◆ EXERCISE DESCRIPTION ◆
Give back only the lines in the records below from the one with "Obrázek produktu Patrizia" to the one with "Pack of 600- Large", both inclusive, word for word.

*** ENTRIES SUPPLIED Section Begins ***

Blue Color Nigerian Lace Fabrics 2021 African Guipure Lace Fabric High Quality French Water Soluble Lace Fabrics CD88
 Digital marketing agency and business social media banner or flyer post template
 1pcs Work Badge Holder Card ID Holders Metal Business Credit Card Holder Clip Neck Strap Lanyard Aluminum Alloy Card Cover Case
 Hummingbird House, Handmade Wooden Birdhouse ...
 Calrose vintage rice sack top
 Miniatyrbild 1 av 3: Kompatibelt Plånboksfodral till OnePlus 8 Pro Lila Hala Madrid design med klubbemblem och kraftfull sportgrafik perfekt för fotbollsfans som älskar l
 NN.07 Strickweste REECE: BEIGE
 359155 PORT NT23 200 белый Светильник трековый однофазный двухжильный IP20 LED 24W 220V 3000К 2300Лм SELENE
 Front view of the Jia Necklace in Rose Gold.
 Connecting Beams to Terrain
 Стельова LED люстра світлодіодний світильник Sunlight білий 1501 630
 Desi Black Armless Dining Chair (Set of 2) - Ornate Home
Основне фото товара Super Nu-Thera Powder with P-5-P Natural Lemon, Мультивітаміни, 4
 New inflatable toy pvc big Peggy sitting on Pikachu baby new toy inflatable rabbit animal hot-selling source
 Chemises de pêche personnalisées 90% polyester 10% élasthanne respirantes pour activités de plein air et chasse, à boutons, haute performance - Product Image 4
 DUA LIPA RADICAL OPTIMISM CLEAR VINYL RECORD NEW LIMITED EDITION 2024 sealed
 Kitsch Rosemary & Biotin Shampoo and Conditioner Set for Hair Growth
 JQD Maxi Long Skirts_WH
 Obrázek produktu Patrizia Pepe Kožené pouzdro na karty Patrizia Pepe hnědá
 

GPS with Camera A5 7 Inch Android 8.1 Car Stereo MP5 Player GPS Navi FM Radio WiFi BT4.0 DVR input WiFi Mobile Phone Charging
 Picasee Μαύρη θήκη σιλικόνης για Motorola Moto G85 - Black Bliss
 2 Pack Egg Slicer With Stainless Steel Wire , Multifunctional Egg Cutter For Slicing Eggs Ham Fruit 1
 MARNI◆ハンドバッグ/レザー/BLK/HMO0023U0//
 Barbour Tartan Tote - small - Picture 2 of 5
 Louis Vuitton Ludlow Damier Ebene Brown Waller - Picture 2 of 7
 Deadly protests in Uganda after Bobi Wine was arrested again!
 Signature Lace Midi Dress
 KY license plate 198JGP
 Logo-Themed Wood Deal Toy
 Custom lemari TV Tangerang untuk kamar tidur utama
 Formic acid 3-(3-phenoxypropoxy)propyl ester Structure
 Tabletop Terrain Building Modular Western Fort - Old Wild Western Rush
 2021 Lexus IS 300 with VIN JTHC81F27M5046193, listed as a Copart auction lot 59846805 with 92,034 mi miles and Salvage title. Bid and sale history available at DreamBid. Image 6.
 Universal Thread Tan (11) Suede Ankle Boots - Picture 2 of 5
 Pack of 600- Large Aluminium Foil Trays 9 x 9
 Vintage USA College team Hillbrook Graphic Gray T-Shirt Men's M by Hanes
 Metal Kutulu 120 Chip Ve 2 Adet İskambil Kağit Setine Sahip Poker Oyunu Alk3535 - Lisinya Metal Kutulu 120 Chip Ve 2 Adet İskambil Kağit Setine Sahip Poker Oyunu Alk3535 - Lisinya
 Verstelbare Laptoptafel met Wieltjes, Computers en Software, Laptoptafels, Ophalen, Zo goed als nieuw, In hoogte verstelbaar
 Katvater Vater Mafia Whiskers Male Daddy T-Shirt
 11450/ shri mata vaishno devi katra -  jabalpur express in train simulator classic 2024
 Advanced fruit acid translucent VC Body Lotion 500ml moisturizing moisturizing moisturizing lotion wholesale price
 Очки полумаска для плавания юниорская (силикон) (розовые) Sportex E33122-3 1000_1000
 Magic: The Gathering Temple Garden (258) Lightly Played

*** ENTRIES SUPPLIED Section Ends ***

◆ ANSWER BOX ◆
 Obrázek produktu Patrizia Pepe Kožené pouzdro na karty Patrizia Pepe hnědá
 

GPS with Camera A5 7 Inch Android 8.1 Car Stereo MP5 Player GPS Navi FM Radio WiFi BT4.0 DVR input WiFi Mobile Phone Charging
 Picasee Μαύρη θήκη σιλικόνης για Motorola Moto G85 - Black Bliss
 2 Pack Egg Slicer With Stainless Steel Wire , Multifunctional Egg Cutter For Slicing Eggs Ham Fruit 1
 MARNI◆ハンドバッグ/レザー/BLK/HMO0023U0//
 Barbour Tartan Tote - small - Picture 2 of 5
 Louis Vuitton Ludlow Damier Ebene Brown Waller - Picture 2 of 7
 Deadly protests in Uganda after Bobi Wine was arrested again!
 Signature Lace Midi Dress
 KY license plate 198JGP
 Logo-Themed Wood Deal Toy
 Custom lemari TV Tangerang untuk kamar tidur utama
 Formic acid 3-(3-phenoxypropoxy)propyl ester Structure
 Tabletop Terrain Building Modular Western Fort - Old Wild Western Rush
 2021 Lexus IS 300 with VIN JTHC81F27M5046193, listed as a Copart auction lot 59846805 with 92,034 mi miles and Salvage title. Bid and sale history available at DreamBid. Image 6.
 Universal Thread Tan (11) Suede Ankle Boots - Picture 2 of 5
 Pack of 600- Large Aluminium Foil Trays 9 x 9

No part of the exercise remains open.